═════ Available data ═════
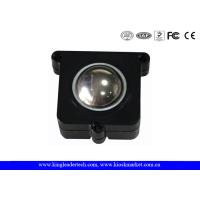 Buy cheap High Sensitivity Industrial Trackball Mouse Win 98SE Dust Proof Dia 25mm product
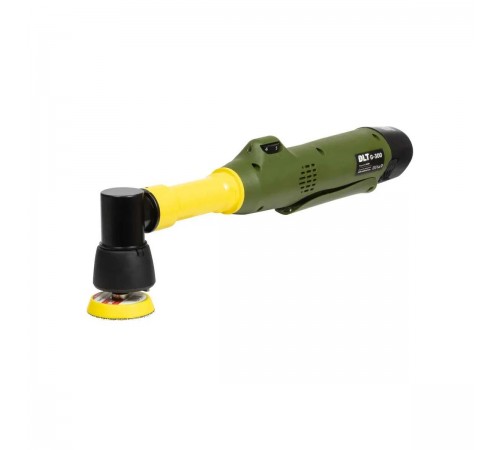 Гравер для шлифовки аккумуляторный DLT G-300 1153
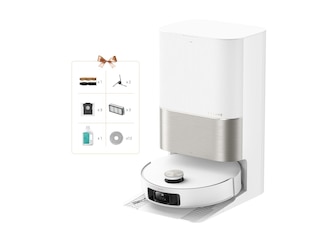Dreame X50 Ultra Complete -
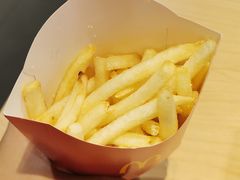 -麦当劳(廊坊新华路店)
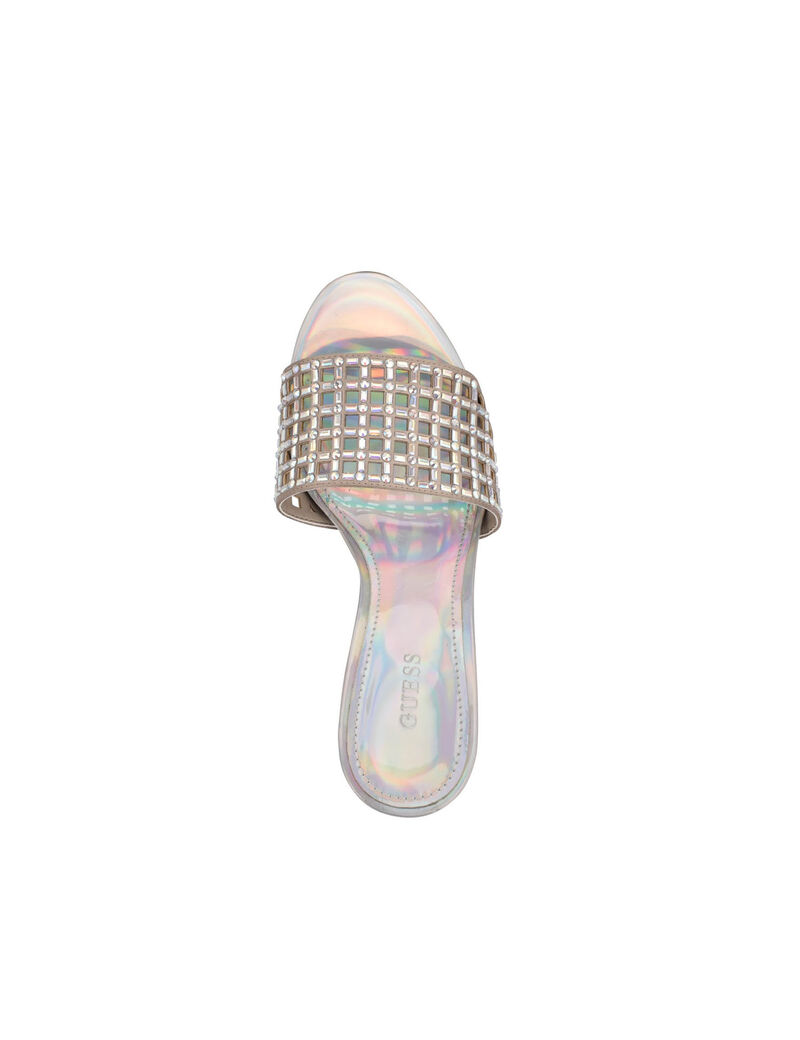 Mesh Mules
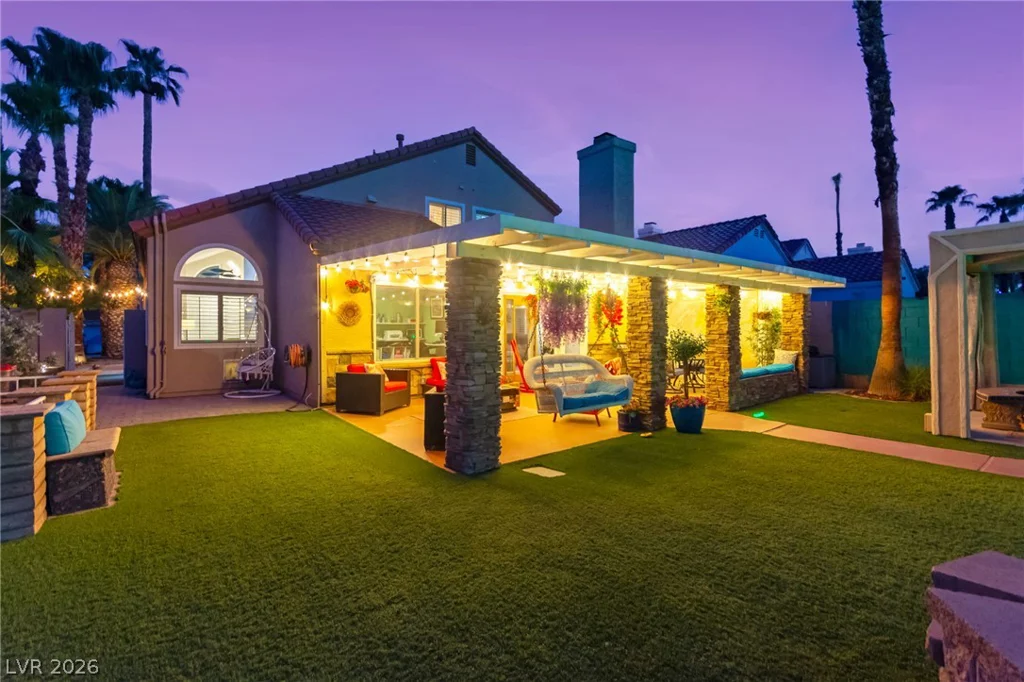 2710 Knightsbridge, Henderson, NV 89074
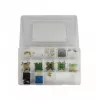 ALLNET 130193 Multicolour Brick’R’knowledge Compatibility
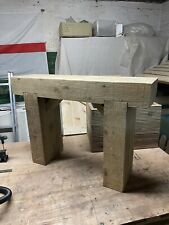 Railway sleeper bench for sale  SOUTHPORT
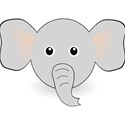0 elephant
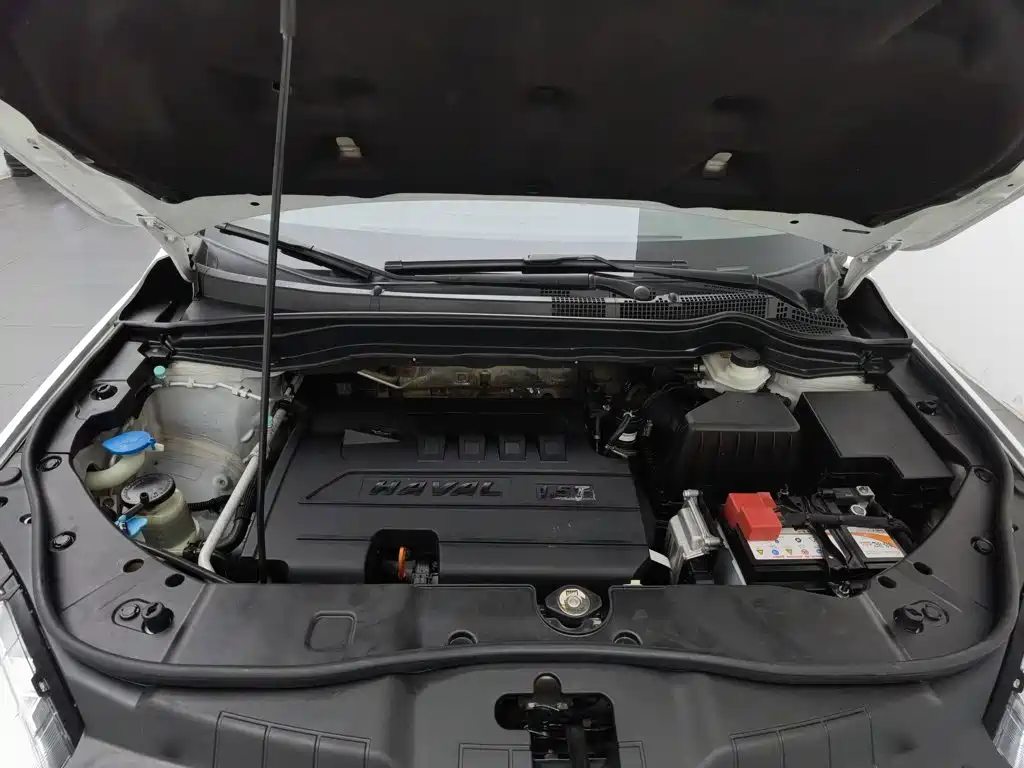 Haval H6 — миниатюра 6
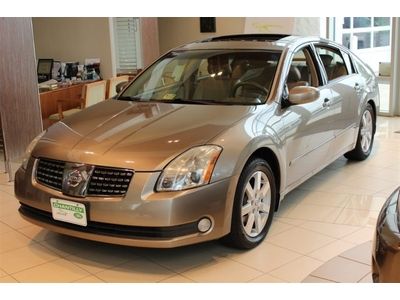 Leather moonroof bose xenon heated keyless lumbar power seats cd changer audio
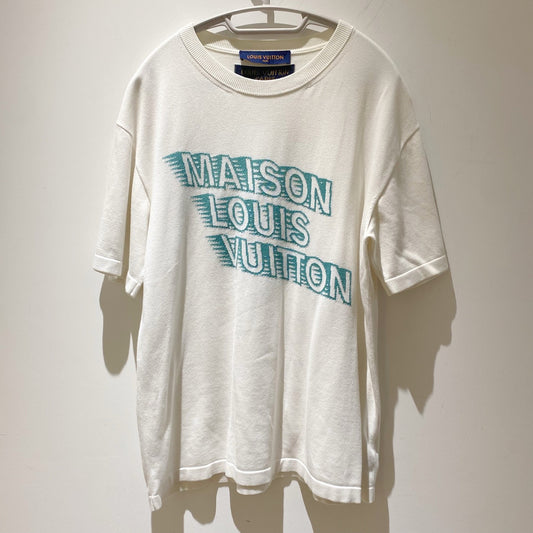 Louis Vuitton - Other - Cotton - White - (M)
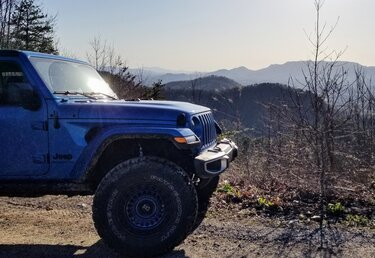 Rollin Sky High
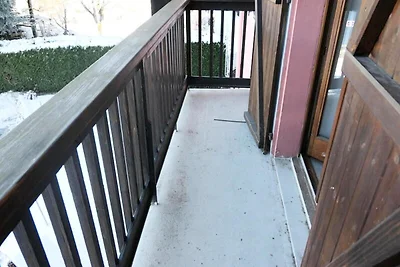 Residenz Les Bruyeres f�r vier Personen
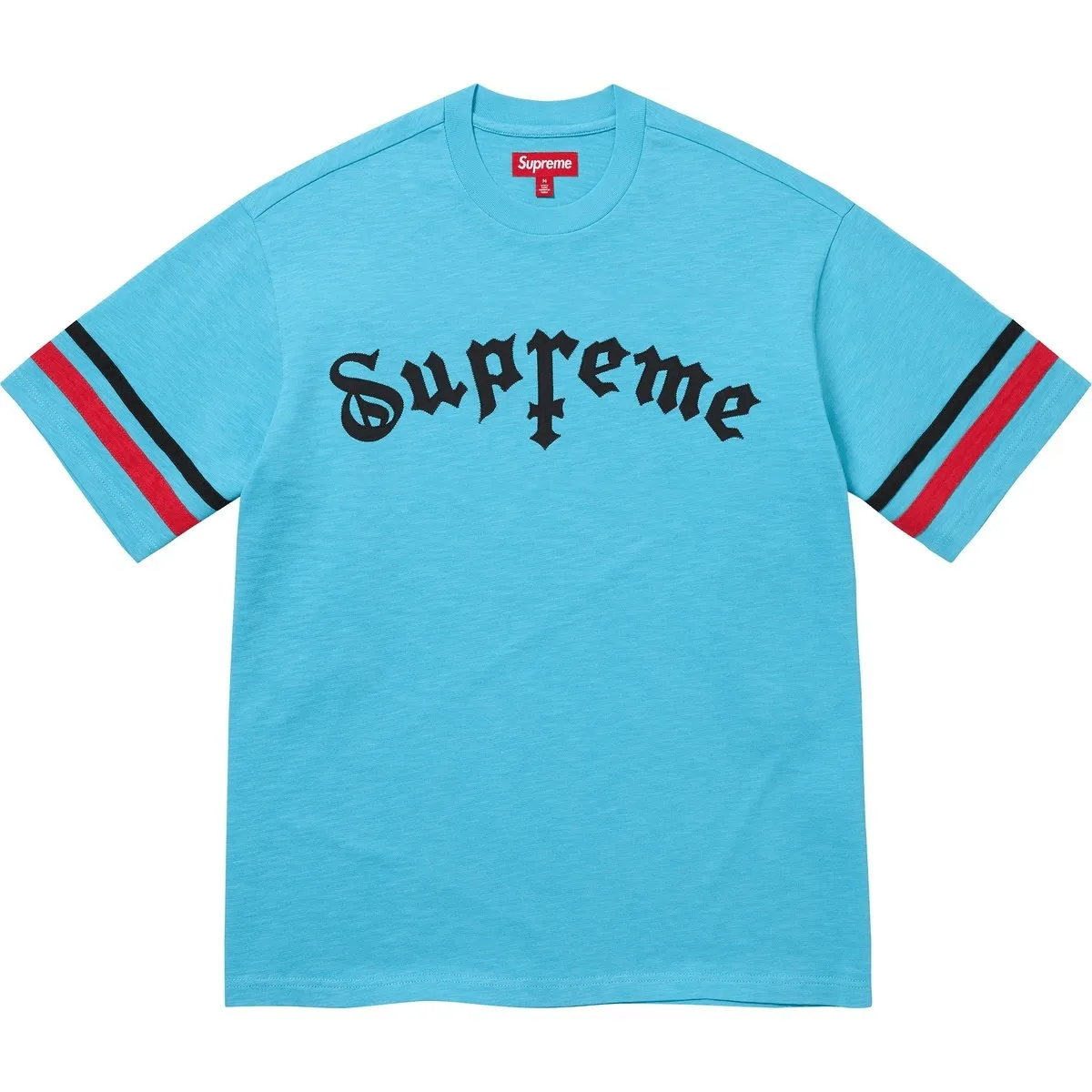 Supreme short-sleeve T-shirt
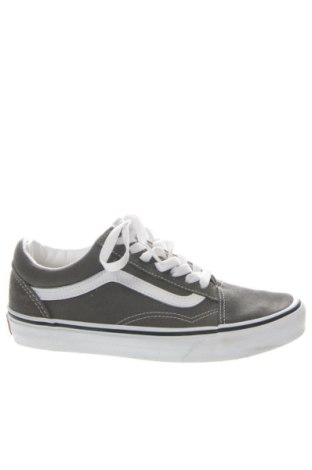 Damenschuhe Vans, Größe 38, Farbe Grau, Preis € 55,99, #136819100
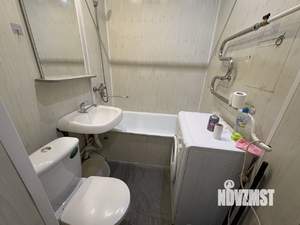 2-к квартира, на длительный срок, 45м2, 2/3 этаж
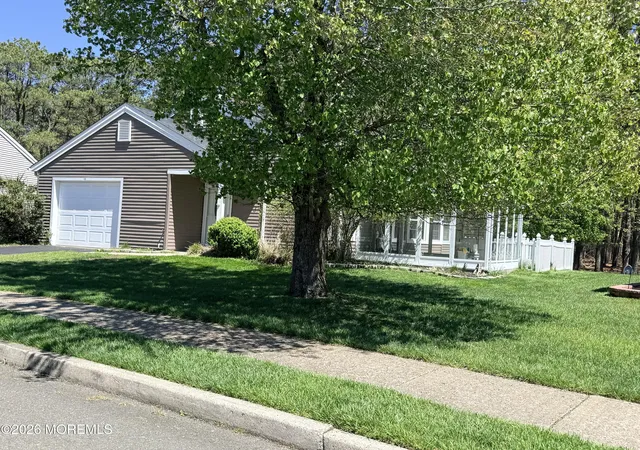 Photo 1 of Sale Pending at 13 Abbey Ct, Forked River, NJ 08731 | MLS# 22612939 | Listing updated on 2026-09-23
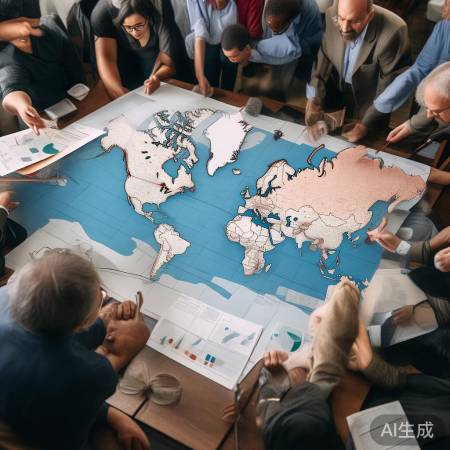 美国经济强，投资态度变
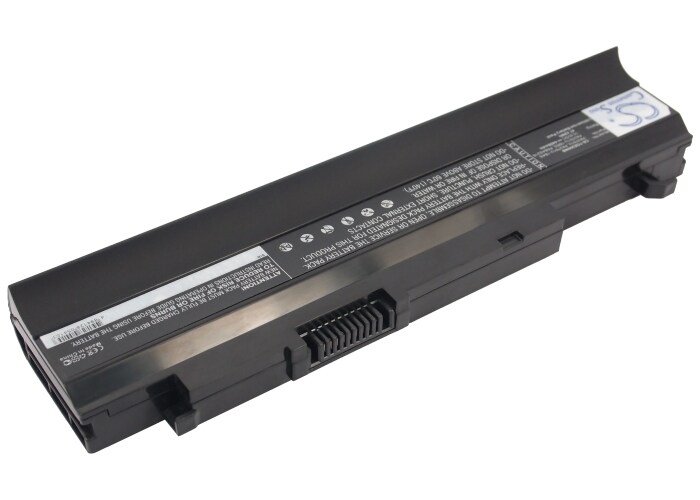 Batteri till Laptop, Bärbar dator för Toshiba Satellite E200, Satellite E200-002 m.fl., bild 5
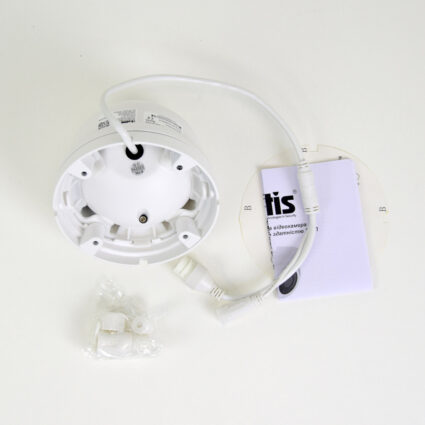 IP-відеокамера вулична 2 Мп ATIS ANVD-2MVFIRP-30W/2.8-12 Pro для системи IP-відеоспостереження - Зображення 3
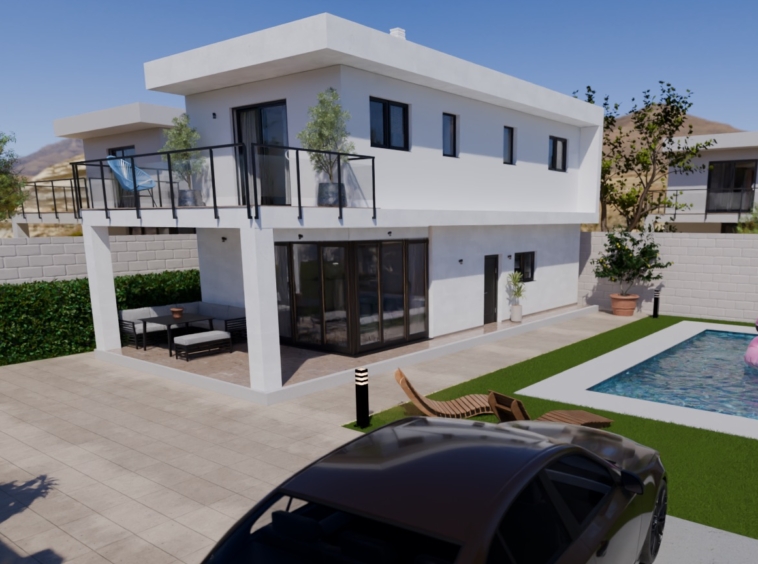 property for sale in Spain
═════
| Activity |
Repeat exactly the lines from the first line of the records above through the line containing "Batteri till Laptop, Bärbar", both included. Leave out the pictures.

| Answer for this exercise |
 Buy cheap High Sensitivity Industrial Trackball Mouse Win 98SE Dust Proof Dia 25mm product
 Гравер для шлифовки аккумуляторный DLT G-300 1153
Dreame X50 Ultra Complete -
 -麦当劳(廊坊新华路店)
 Mesh Mules
 2710 Knightsbridge, Henderson, NV 89074
 ALLNET 130193 Multicolour Brick’R’knowledge Compatibility
 Railway sleeper bench for sale  SOUTHPORT
0 elephant
 Haval H6 — миниатюра 6
 Leather moonroof bose xenon heated keyless lumbar power seats cd changer audio
 Louis Vuitton - Other - Cotton - White - (M)
 Rollin Sky High
 Residenz Les Bruyeres f�r vier Personen
 Supreme short-sleeve T-shirt
 Damenschuhe Vans, Größe 38, Farbe Grau, Preis € 55,99, #136819100
 2-к квартира, на длительный срок, 45м2, 2/3 этаж
 Photo 1 of Sale Pending at 13 Abbey Ct, Forked River, NJ 08731 | MLS# 22612939 | Listing updated on 2026-09-23
 美国经济强，投资态度变
 Batteri till Laptop, Bärbar dator för Toshiba Satellite E200, Satellite E200-002 m.fl., bild 5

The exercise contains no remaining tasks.